**Work instructions**
Copy every entry word for word. Skip the pictures.

Stored items
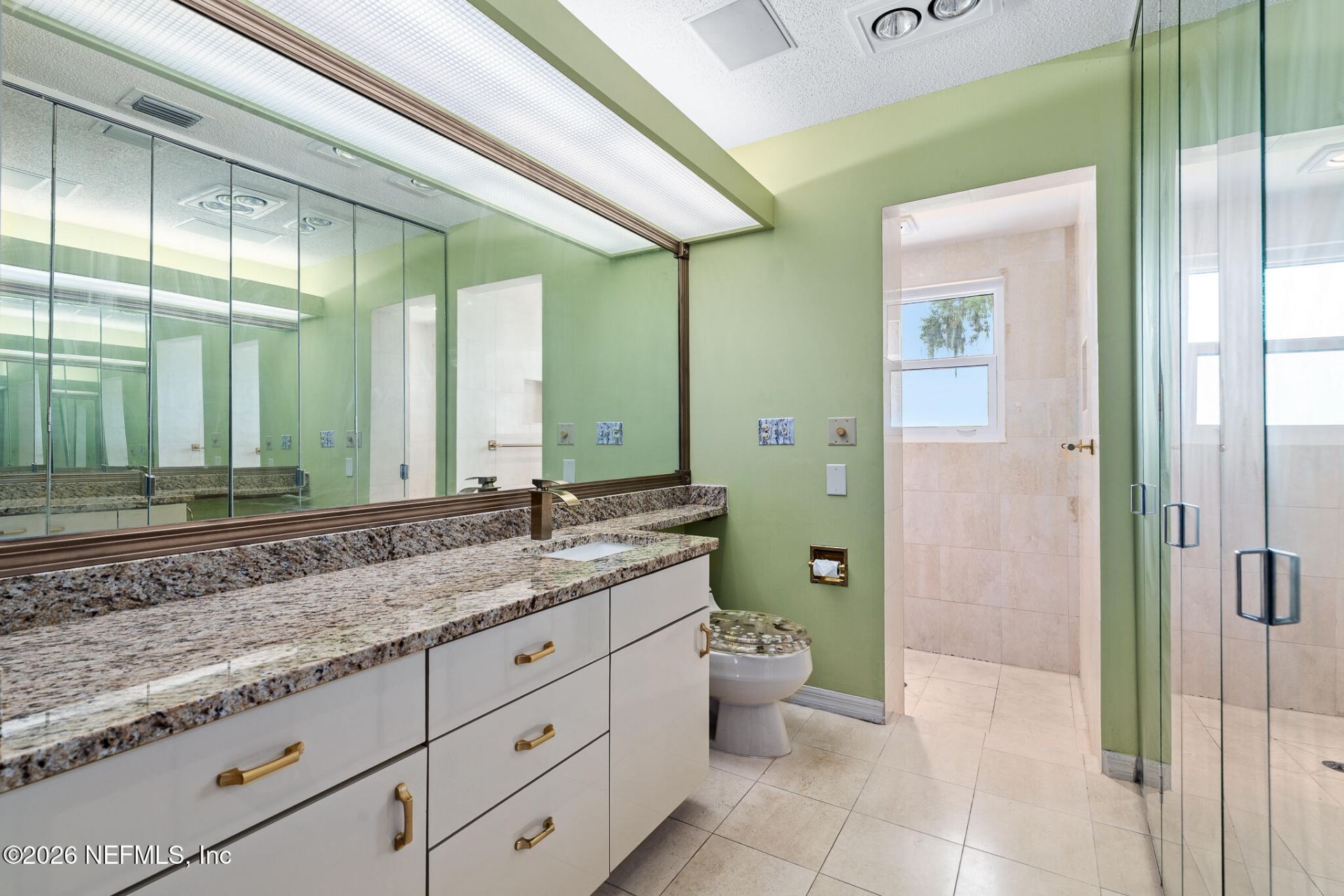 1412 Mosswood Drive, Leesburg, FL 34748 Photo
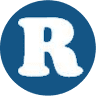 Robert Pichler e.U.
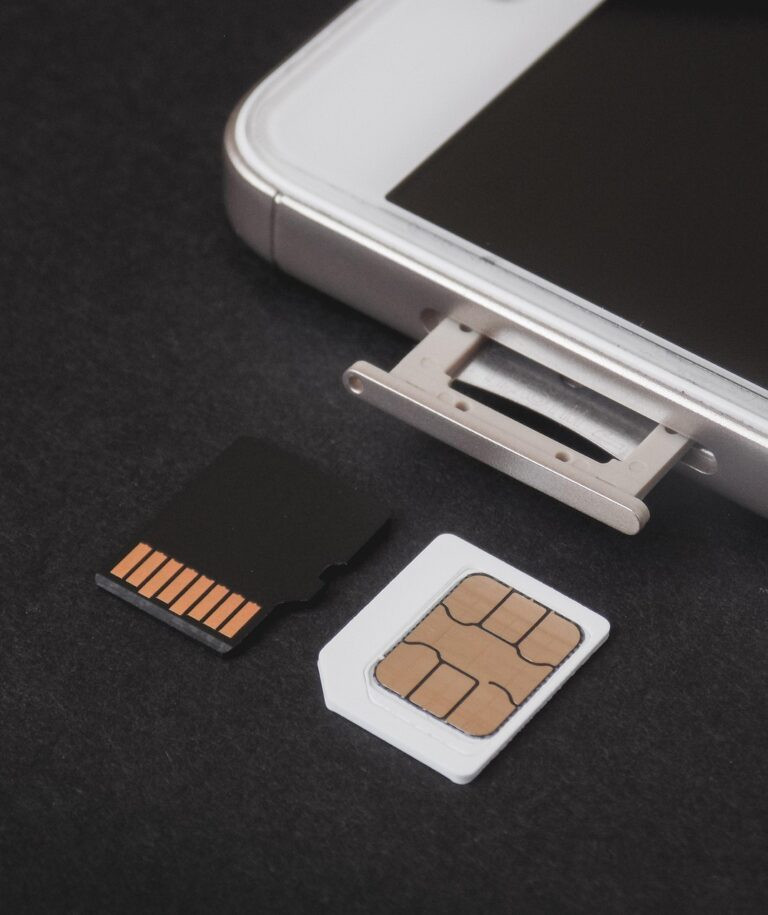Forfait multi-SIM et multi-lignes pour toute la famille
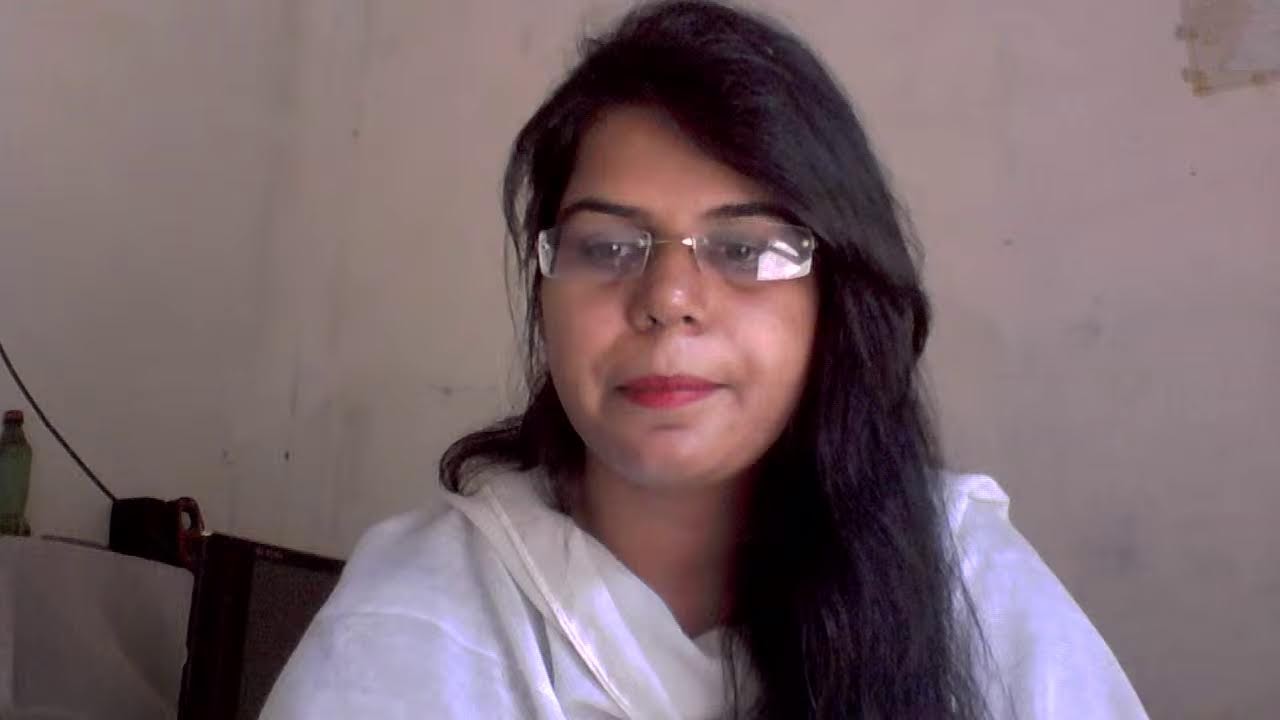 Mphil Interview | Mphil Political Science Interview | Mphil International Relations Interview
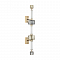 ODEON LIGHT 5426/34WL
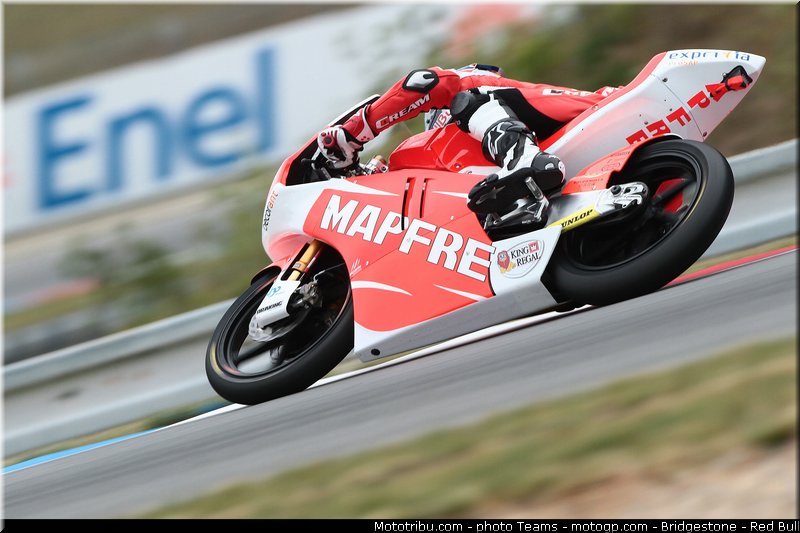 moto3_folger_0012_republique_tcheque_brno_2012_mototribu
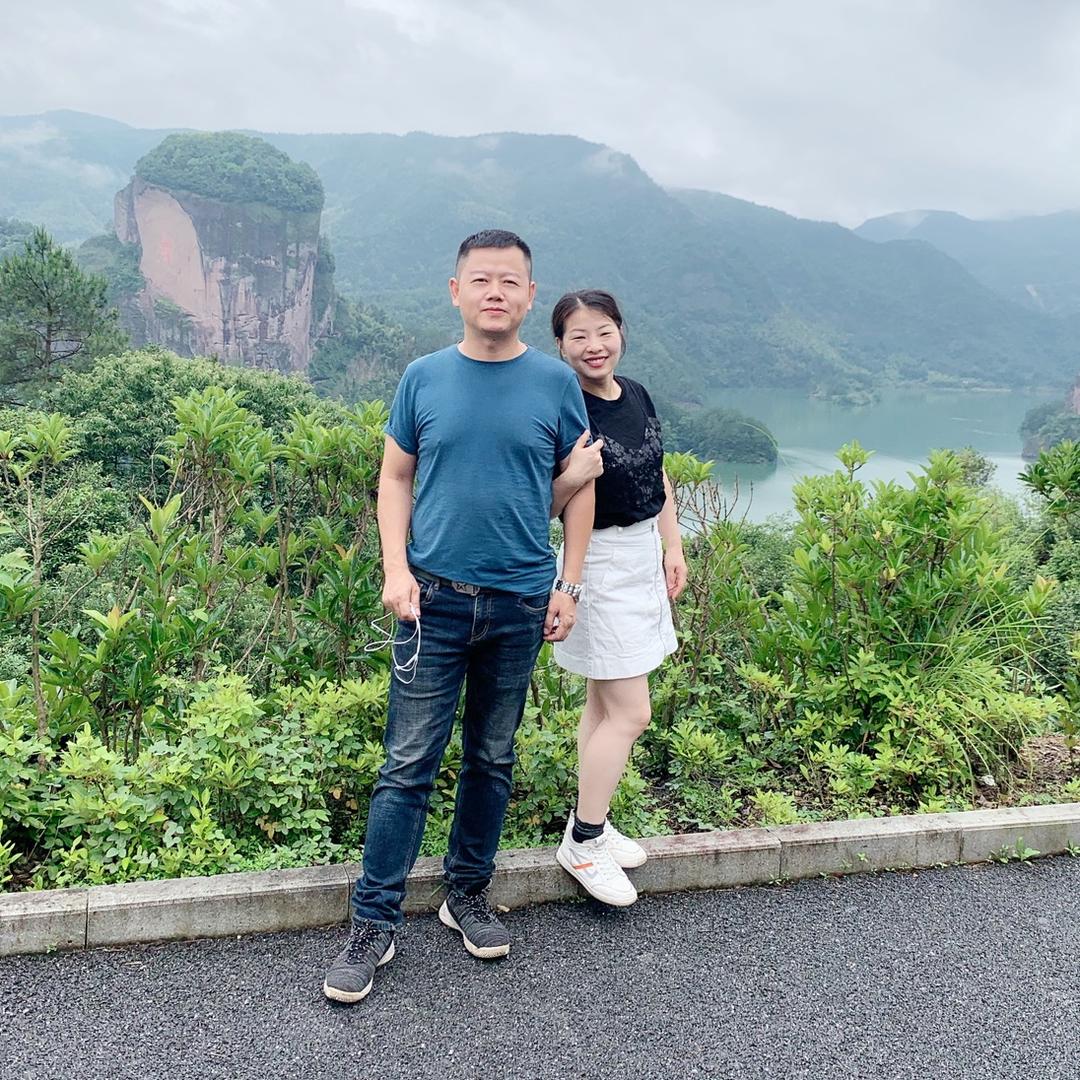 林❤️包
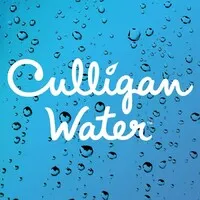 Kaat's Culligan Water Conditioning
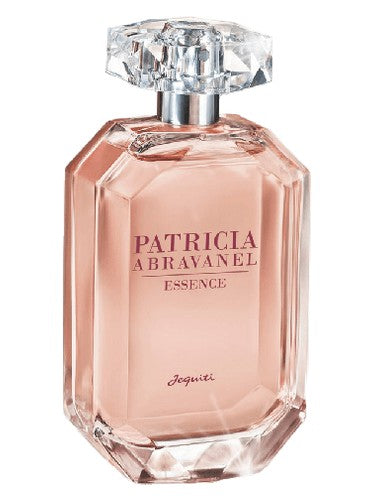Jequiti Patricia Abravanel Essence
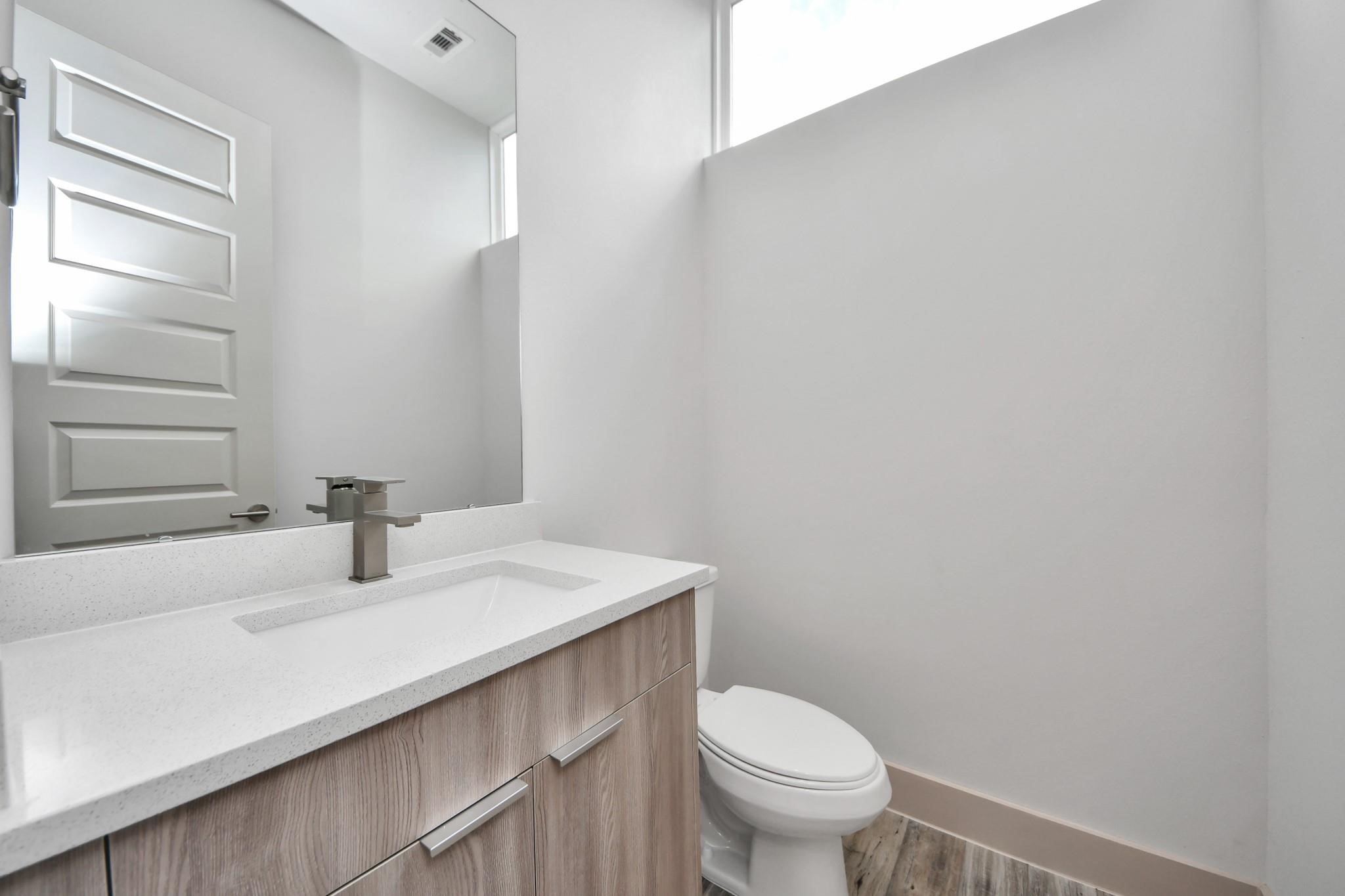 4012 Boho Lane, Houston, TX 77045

**Response to the task**
 1412 Mosswood Drive, Leesburg, FL 34748 Photo
 Robert Pichler e.U.
Forfait multi-SIM et multi-lignes pour toute la famille
 Mphil Interview | Mphil Political Science Interview | Mphil International Relations Interview
 ODEON LIGHT 5426/34WL
 moto3_folger_0012_republique_tcheque_brno_2012_mototribu
 林❤️包
 Kaat's Culligan Water Conditioning
Jequiti Patricia Abravanel Essence
 4012 Boho Lane, Houston, TX 77045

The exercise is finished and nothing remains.